PATRICK: My favorite horror novel Author is Thomas Harris. . I also like many of Stephen Kings early works. My favorite main stream writer is Stephen Hunter, author of Point of Impact, The Day before Midnight, Dirty White Boys etc.
Q: Talk about your newest novel, PROTECTOR...
PATRICK: PROTECTOR is a difficult book to describe but I will try and will wok to to keep my description brief. Part of the premise is that there are aliens on earth who have the ability to change their shape and look exactly like us. Keeper , the book's hero, is one of those beings. He's a metamorphic and can change his shape into anything he wants with the same energy we put into blinking. His role on earth is to protect others like himself.
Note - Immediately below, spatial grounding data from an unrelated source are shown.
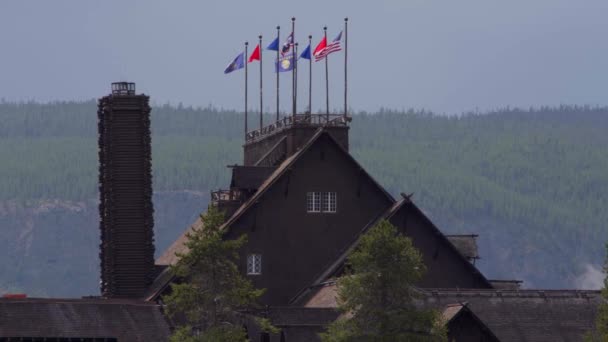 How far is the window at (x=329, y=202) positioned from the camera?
406 feet

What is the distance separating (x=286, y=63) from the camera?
133 meters

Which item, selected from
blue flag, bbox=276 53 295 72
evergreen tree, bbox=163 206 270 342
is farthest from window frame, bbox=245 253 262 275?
evergreen tree, bbox=163 206 270 342

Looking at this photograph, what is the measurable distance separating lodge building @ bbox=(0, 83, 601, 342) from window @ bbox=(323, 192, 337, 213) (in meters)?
0.06

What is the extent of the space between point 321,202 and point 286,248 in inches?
139

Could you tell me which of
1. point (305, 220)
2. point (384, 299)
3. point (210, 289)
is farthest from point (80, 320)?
point (384, 299)

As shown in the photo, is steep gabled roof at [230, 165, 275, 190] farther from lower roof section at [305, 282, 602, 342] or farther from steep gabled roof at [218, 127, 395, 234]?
lower roof section at [305, 282, 602, 342]

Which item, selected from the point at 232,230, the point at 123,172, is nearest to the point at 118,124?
the point at 123,172

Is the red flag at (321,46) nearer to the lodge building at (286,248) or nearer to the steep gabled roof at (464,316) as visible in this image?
the lodge building at (286,248)

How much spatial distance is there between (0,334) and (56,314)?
13.8 feet

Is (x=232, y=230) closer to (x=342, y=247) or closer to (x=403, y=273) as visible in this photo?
(x=342, y=247)

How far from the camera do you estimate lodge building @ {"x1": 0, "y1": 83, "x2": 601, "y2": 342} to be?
10675 centimetres

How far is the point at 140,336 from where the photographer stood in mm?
107938

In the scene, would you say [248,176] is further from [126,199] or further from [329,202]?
[126,199]

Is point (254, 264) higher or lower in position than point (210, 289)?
higher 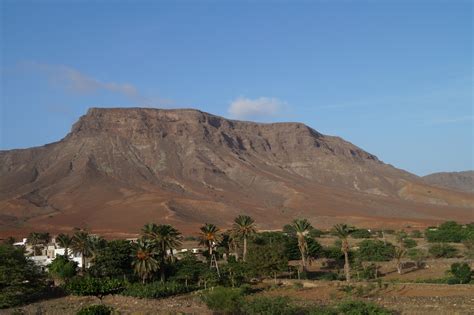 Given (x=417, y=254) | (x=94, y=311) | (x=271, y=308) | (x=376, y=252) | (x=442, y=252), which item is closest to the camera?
(x=94, y=311)

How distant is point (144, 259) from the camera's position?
5291 cm

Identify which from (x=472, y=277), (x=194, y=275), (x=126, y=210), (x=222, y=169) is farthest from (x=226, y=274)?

When two of his kind go jogging in a Seattle park with out Keeper, their protector, and are gunned down in a park by youth gangs working for a drug lord, he vows to find and destroy everyone responsible for the killings .Early on the book he changes his body into an exact duplicate of a homicide detective who dies in front of keeper of heart attack .The detective ,Nathan Banning, had been a gifted detective but the loss of a child and a divorce have turned him into a bitter, over the hill alcoholic. Even though he has only been on early three day, keeper assumes the dead man's identity because it will help him find the humans responsible for the deaths of his friends. Trouble with this he is naive about this world and has no idea what homicide detectives do The other problem is Banning's current partner, Linda Canada, hates the drunken, incompetent Nathan Banning (they have a relationship someone describes in the book as something you'd get if you put Attila the Hun and Sister Teresa in the same patrol car)and of course continues to hate the Being she now thinks is Banning. Working together these extremely mismatched pair of beings set out to find out who is responsible for the slaughter in the park.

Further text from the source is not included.